The latest version of changes to the state’s teacher retirement plan passed full chamber votes Thursday.
This came after major changes were announced late Tuesday and received committee hearings early Wednesday morning. The House and Senate adopted identical amendments to bills their respective chambers had already introduced.
Democrats have largely been left out of behind the scenes negotiations between the governor and leaders of the House and Senate. Democratic Representative Winne Brinks voiced her frustration with the speed the bills were moving during a committee hearing Wednesday.
“There’s a lot of information here, it’s a very complex bill,” she said. “There’s lives, many many lives that will be impacted by this and I think it deserves thorough vetting. Looking at the way this process is going now, I don’t think this is going to be a very thorough vetting.”

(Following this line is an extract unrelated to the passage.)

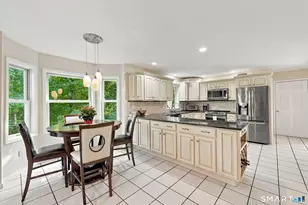 4 Quail Run Dr, Danbury, CT 06811 - Photo 10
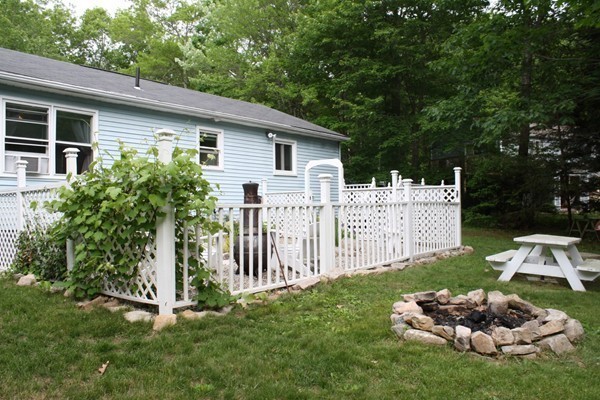 222 Lower Gore Road Webster, MA 01570 - Photo 5 of 30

House Education committee chair, Tim Kelly says the bills were introduced weeks ago and has been an ongoing topic of discussion. He says the bills are not being rushed.
The legislation would offer new teachers a choice. They could have a 401K with a more generous match than the current 401k offering. Or they could have a 401k and pension hybrid. That plan requires teachers to assume more risk to the state's unfunded liabilities and contribute more than the current hybrid plan.
Kelly says these are attractive options for new teachers.
“Transitioning to a 401k style is best for everybody,” he said. “Not only does it eliminate wrongful assumptions on the state level, but it also provides an ample and I think more generous retirement package to the teacher.”
The bills come in large part from concerns about the state’s unfunded liabilities accrued from pensions.
Governor Rick Snyder was initially against the idea of changing the state’s retirement system. He said the current hybrid system is fully funded and in good shape. He didn’t support the original version of the bills that would completely close the hybrid system. It resulted in a stalemate between the governor and Republican leadership, with the governor left out of ongoing budget decisions.
Now the governor is on board with the newest version and state budgets are in the process of being adjusted to bring in the governor’s input.
State Treasurer Nick Khouri said when it comes to having a hybrid system, “It’s a balancing act. What we were trying to do here is make sure we created this new hybrid plan that’s absolutely secure.”
The House and Senate passed their respective bills by a slim margin. Both chambers saw Republicans crossing party lines, and the House narrowly passed the bill in a 55 to 52 vote.
Democrats offered amendments to do things like get rid of the cost sharing for the hybrid plan and remove the automatic increase in retirement age for the pension if mortality tables increase life expectancy. Each amendment was shot down.
Senator Curtis Hertel offered an amendment to get rid of the five million dollar appropriation – it would make the bill immune from a vote by the public.
“The only reason to add an appropriation to this bill, is to go around the voters and make it referendum-proof,” he said. “Colleagues, no matter how much you destroy Michigan’s education system, the people will never be dumb enough to not see what you’re trying to do right now.”
Khouri says the 5 million dollars was needed for administrative costs, but the intent was not to make it referendum-proof.
The legislation is still very different from how it looked when first introduced several months ago. The original form would have gotten rid of the pension-hybrid system altogether. Bill sponsor, Republican Representative Thomas Albert says he’s happy with the compromise.
“You know I have young kids and it’s nice to be able to give them the change and the future to have school dollars go to education,” he said.
Overall, if passed the bills would, in part, do the following:
- Close the current Michigan Public School Employees’ Retirement System hybrid pension plan to new hires starting February 1, 2018.
- Give new teachers a choice between a new 401K plan or revised hybrid pension-401K plan. However, teachers would be automatically enrolled in the 401K-style plan and then have 75 days to choose the revised plan if they want.
- The 401K plan would get an employer match of up to seven percent of their annual salary. The school puts in four percent and if the employee adds another three percent of their salary, the state will also put in three percent.
- The new hybrid plan would include a 50-50 cost share between the employee and the employer, including the costs of future (and yet unknown) unfunded liabilities, and other revisions to the retirement eligibility age, plan assumptions, and unfunded liability payment methods.
- There would be a trigger in place that would close the new hybrid plan if the actuarial funded ratio goes below 85 percent for two years in a row.
Lawmakers plan to have a final concurrence vote next week before sending the legislation to the governor’s desk. A spokesperson for Speaker of the House Tom Leonard says they are undecided if they will have additional hearings on the bill, since they previously had hearings on current form of the legislation.